Tolerance is not putting up with some action that is manifestly wrong; that reaction might be appropriate in our relationship with the world but not with our brethren. We are told to correct a brother if we see him overtaken in a fault, not to condemn him but to help him to see the right way, restoring such a one from the path of sin “in a spirit of gentleness” (Galatians 6:1 NASB). It is our phileo and agape love for the brethren that is to be exercised, and what better place for building up one another than in our gatherings. Doing so helps us grow in love. Because our ecclesia is God’s arrangement for the edification of the saints and the development of character through social interaction with those who love and want to please the Lord, should we not want to cooperate with God in blessing them? At these meetings, we have a choice: We can simply endure our time together (a form of tolerance) or we can rejoice and profit from the interchange with our brethren (true tolerance). Much depends on the mind-set of each in attendance.

“Tolerance” in Our Bibles

The English words “tolerance” and “intolerance” are not found in the King James Bible. Instead the KJV uses “bear with, endure, forbear, suffer.” The New American Standard Bible (NASB) does translate Strong’s G430 as “tolerance” in two texts, Ephesians 4:2 and Romans 2:4. Context gives us the fuller picture: “Therefore I, the prisoner of the Lord, implore you to walk in a manner worthy of the calling with which you have been called, with all humility and gentleness, with patience, showing tolerance for one another in love, being diligent to preserve the unity of the Spirit in the bond of peace” (Ephesians 4:1-3). We see from this text that tolerance is necessary to continue in unity of spirit with our brethren. Intolerance breaks this bond of unity and can lead to evil works: strife, slander, bitterness, and division. The whole chapter of Ephesians 4 is speaking to our relationship with the brethren. Skip down to verses 30-32 (NASB): “Do not grieve the holy Spirit of God, by whom you were sealed for the day of redemption. Let all bitterness and wrath and anger and clamor and slander be put away from you, along with all malice. Be kind to one another, tender-hearted, forgiving each other, just as God in Christ also has forgiven you.” Thus tolerance is part of the fruit of God’s holy Spirit.

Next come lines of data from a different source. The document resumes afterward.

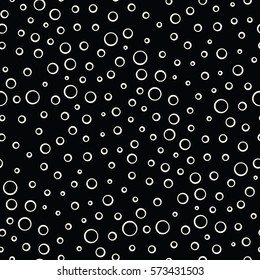 Abstract Geometric Black White Vector Bubbles Stock Vector (royalty 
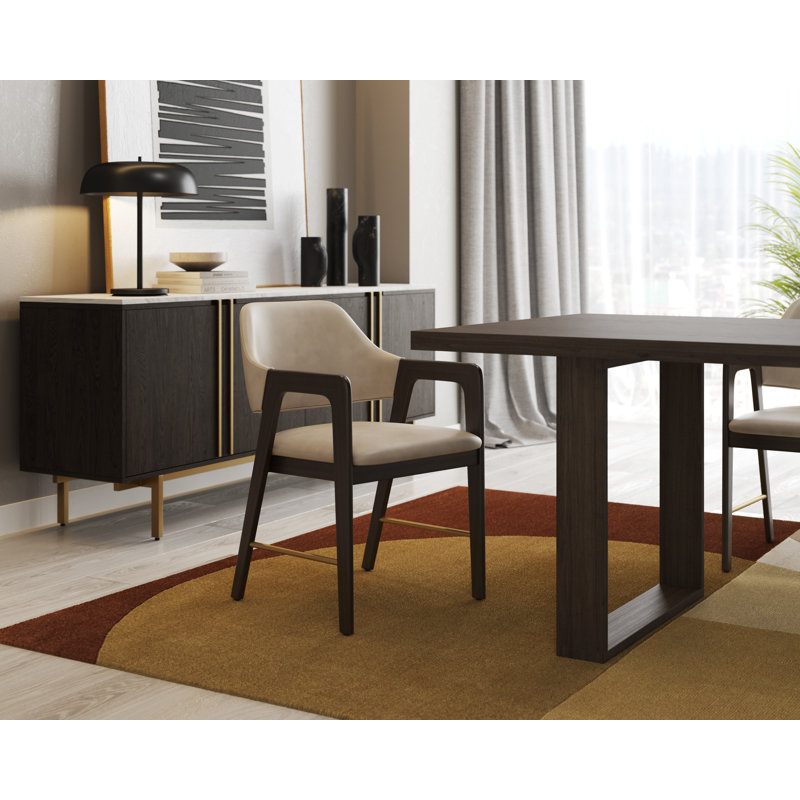 Buffet Briar, Gris / Blanc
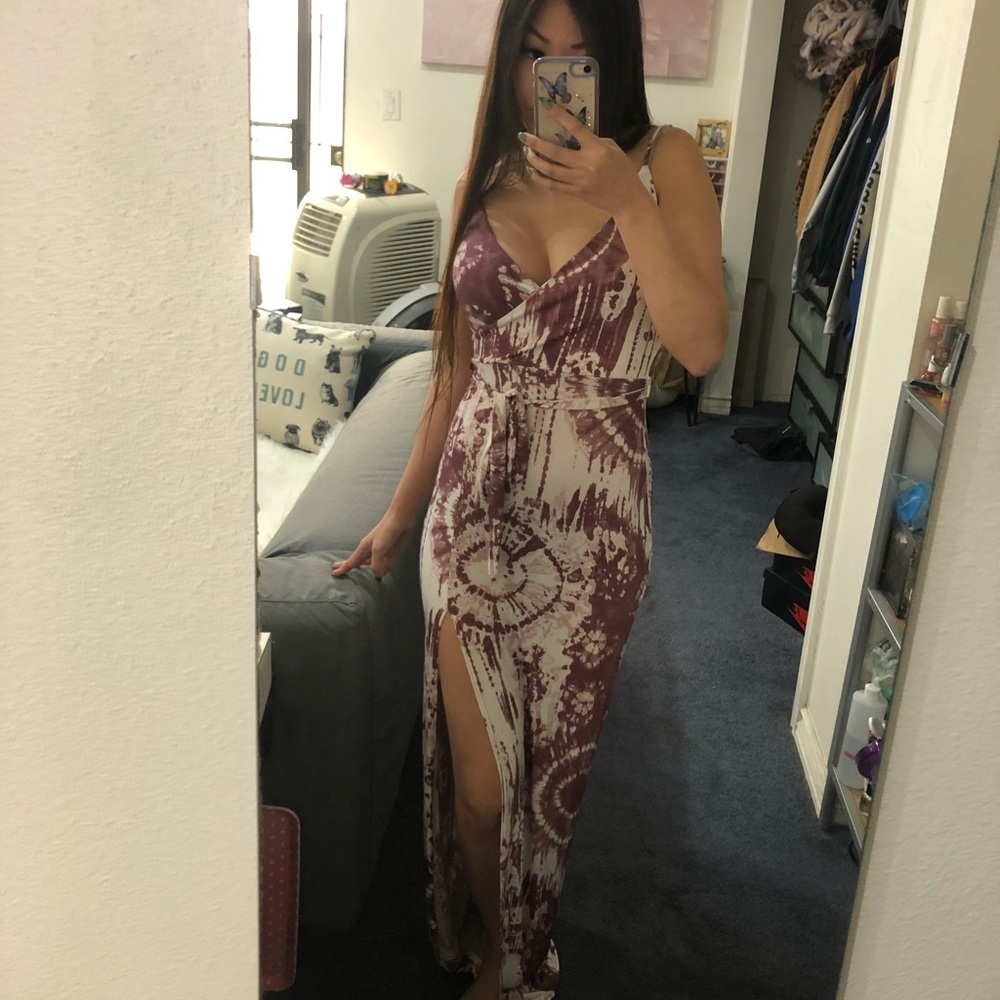 Super soft and cute tie dye dress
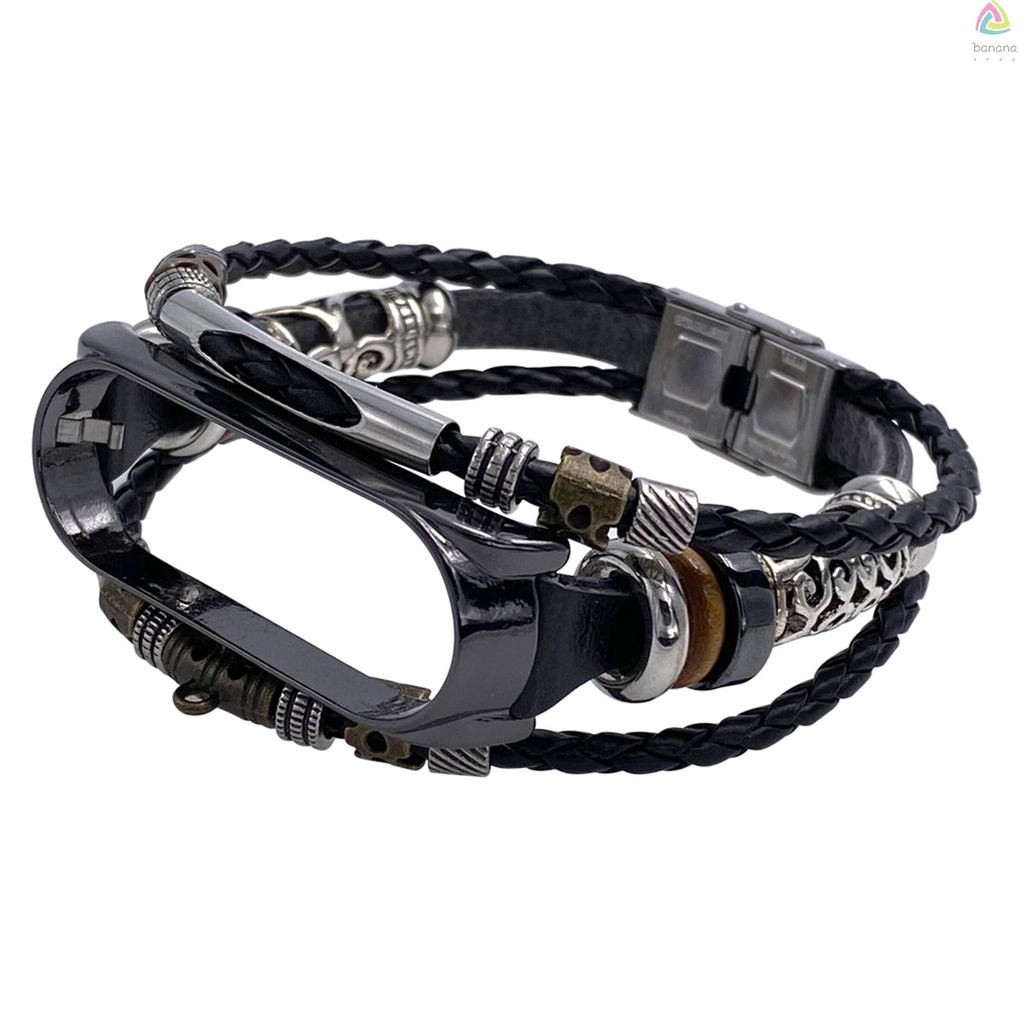 Dây đeo thay thế bằng da phong cách cổ điển cho Mi Band 6/6 NFC Xiaomi Mi Band 5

The second text using “tolerance” is in Romans 2:4. We quote from the context, verses 1-4: “Therefore you have no excuse, every one of you who passes judgment, for in that which you judge another, you condemn yourself; for you who judge practice the same things. And we know that the judgment of God rightly falls upon those who practice such things. But do you suppose this, O man, when you pass judgment on those who practice such things and do the same yourself, that you will escape the judgment of God? Or do you think lightly of the riches of His kindness and tolerance and patience, not knowing that the kindness of God leads you to repentance?”

“Therefore,” in verse one, concludes from chapter 1 that the saints to whom the epistle was addressed had no excuse for their evil conduct. Their judgment was right in condemning such things, but they were ignoring the fact that they were practicing the same things and would come under the judgment of God. They had taken lightly the kindness and tolerance and patience of God, not realizing that these kindnesses should lead them to repentance.

A lesson we should take from this is that any tendency to condemn others for intolerance while ignoring our own intolerance will not escape the judgment of God. Do not think lightly of the riches of His kindness, tolerance, and patience. Tolerance toward others expresses gratitude for God’s tolerance toward us.